(Records drawn from a dataset)
━━━

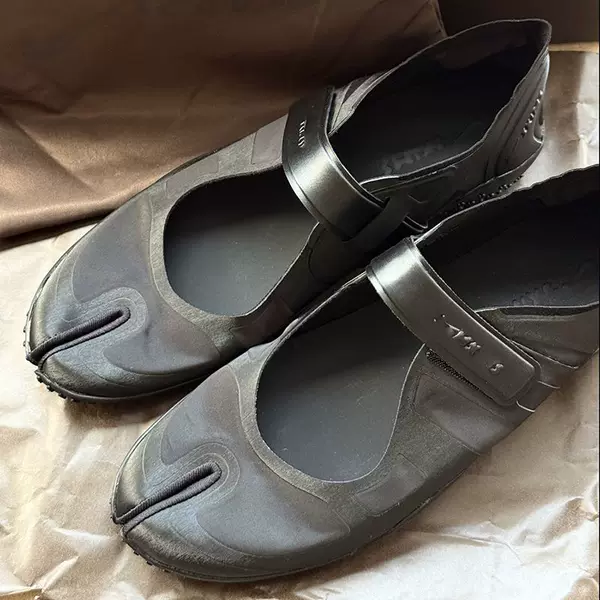 Original Rift Mesh Thin-Soled Split-Toe Shoes Kardashian Lisa Yoga Ballet Shoes Mesh Mary Jane Pig-Toe Shoes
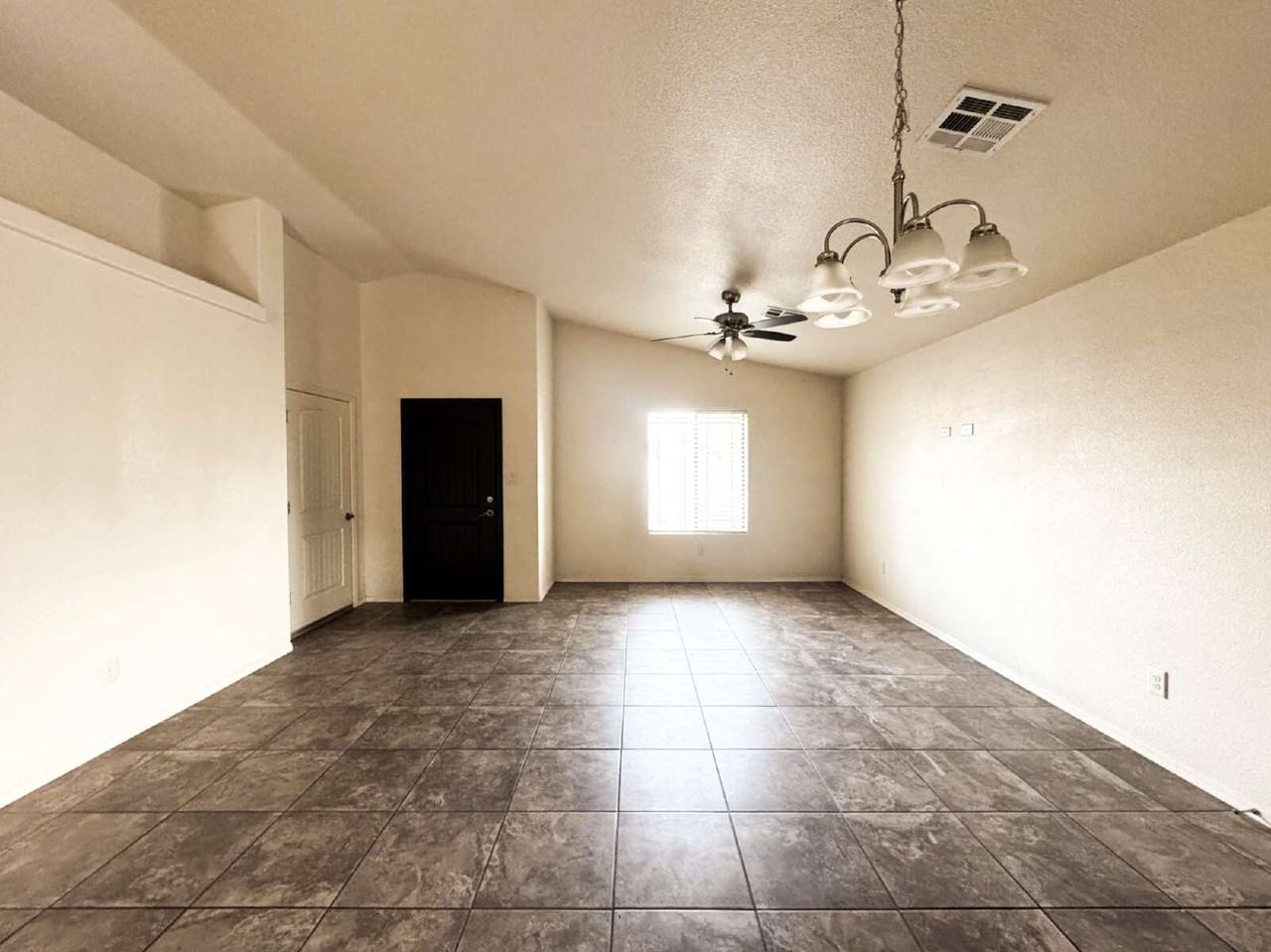 3923 E Ortega St - Photo 6 of 23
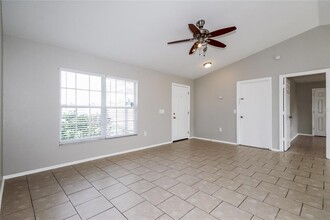 4221 Sunny Glen Dr in Lakeland, FL - Building Photo - Building Photo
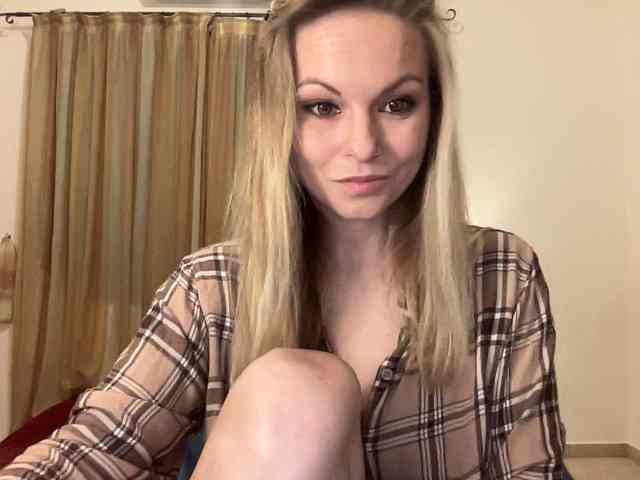 LilithNewdawn webcam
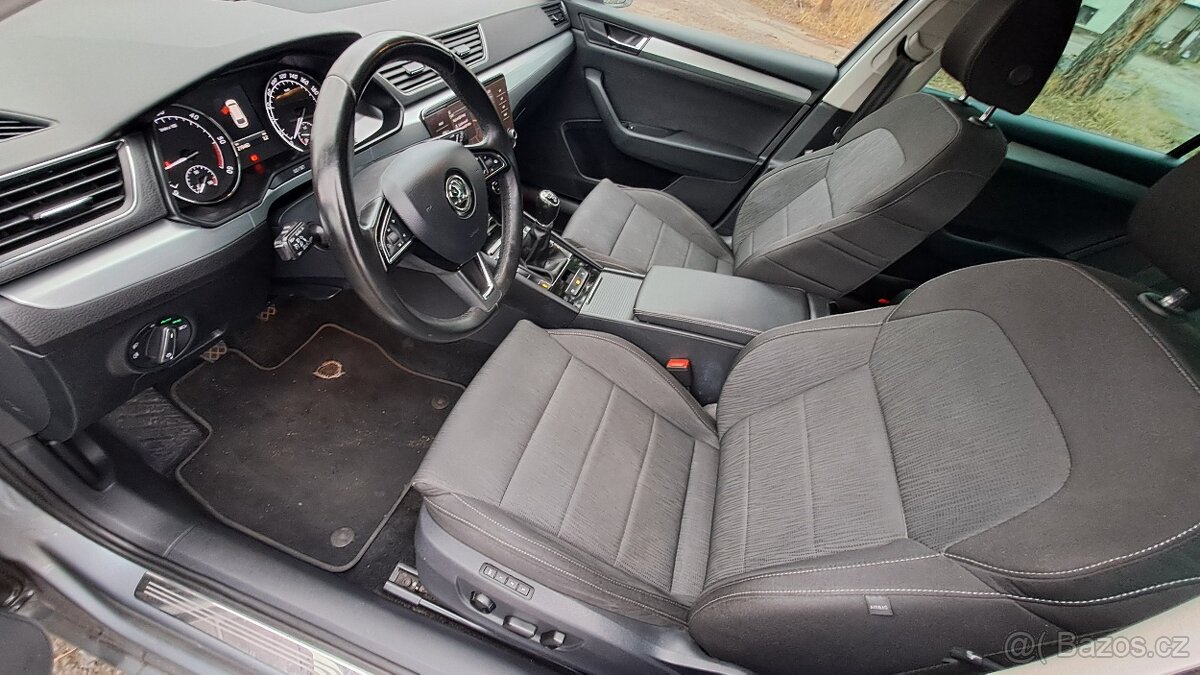 Škoda Superb 1.6 CR TDI Comfort+ NAVI - 15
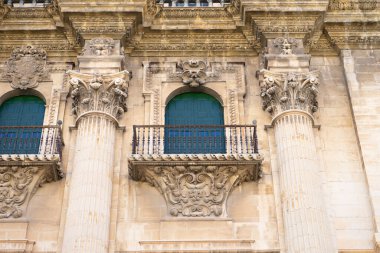 Santa Iglesia Katedral Müzesi Katedralicio 'nun mimari detayları süslemeli sütunları ve karmaşık balkonları vurguluyor. Bu çarpıcı yapı Jaen, Endülüs 'ün zengin tarihini gözler önüne seriyor..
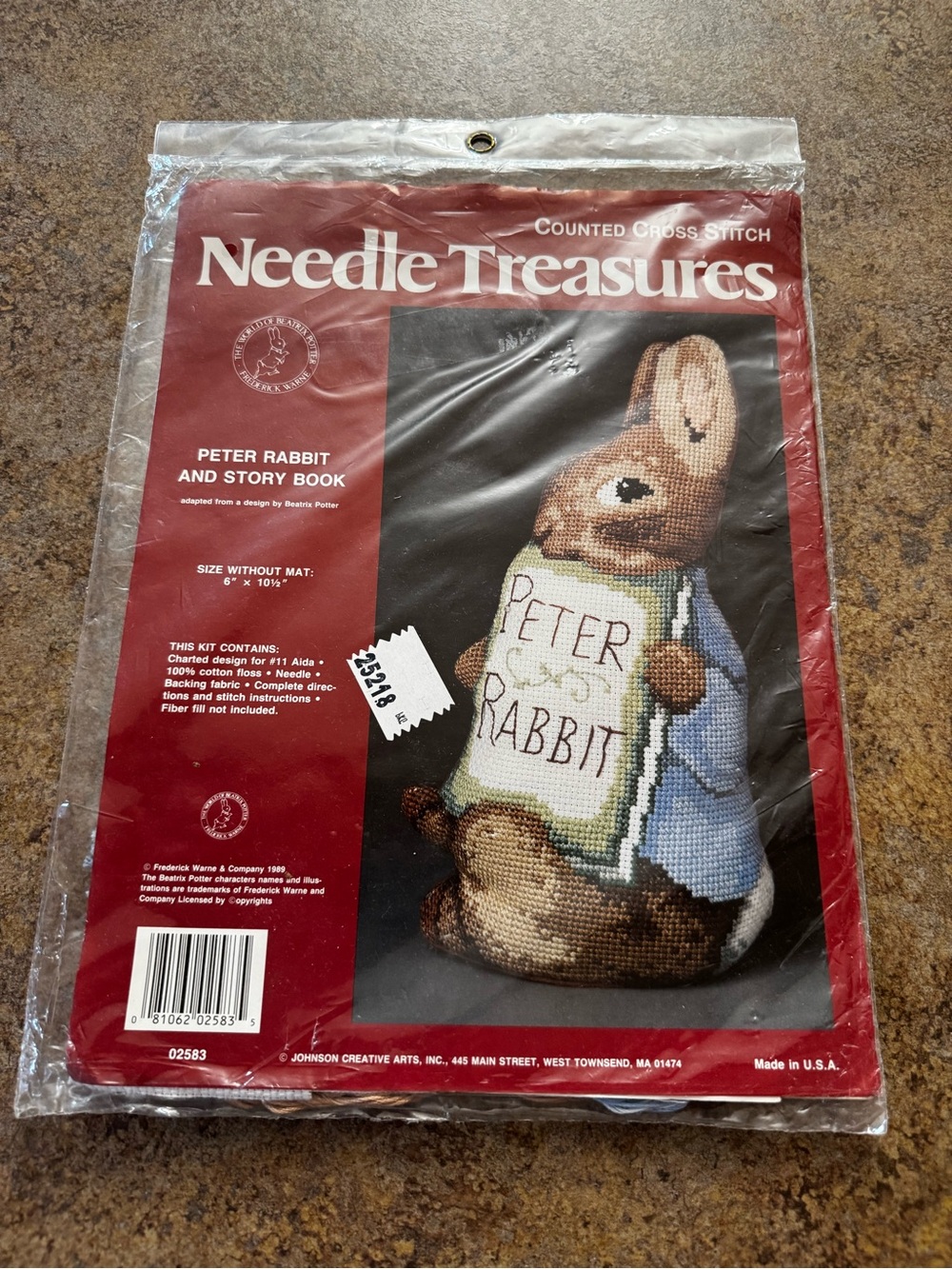 NIP Needle Treasures Counted Cross Stitch Peter Rabbit And Story Book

━━━

Starting at the line that holds "Škoda Superb 1.6 CR TDI Comfort+ NAVI - 15", print each line through the last one of the entries above, exactly and with both ends included; no pictures.

● Exercise solution
 Škoda Superb 1.6 CR TDI Comfort+ NAVI - 15
 Santa Iglesia Katedral Müzesi Katedralicio 'nun mimari detayları süslemeli sütunları ve karmaşık balkonları vurguluyor. Bu çarpıcı yapı Jaen, Endülüs 'ün zengin tarihini gözler önüne seriyor..
 NIP Needle Treasures Counted Cross Stitch Peter Rabbit And Story Book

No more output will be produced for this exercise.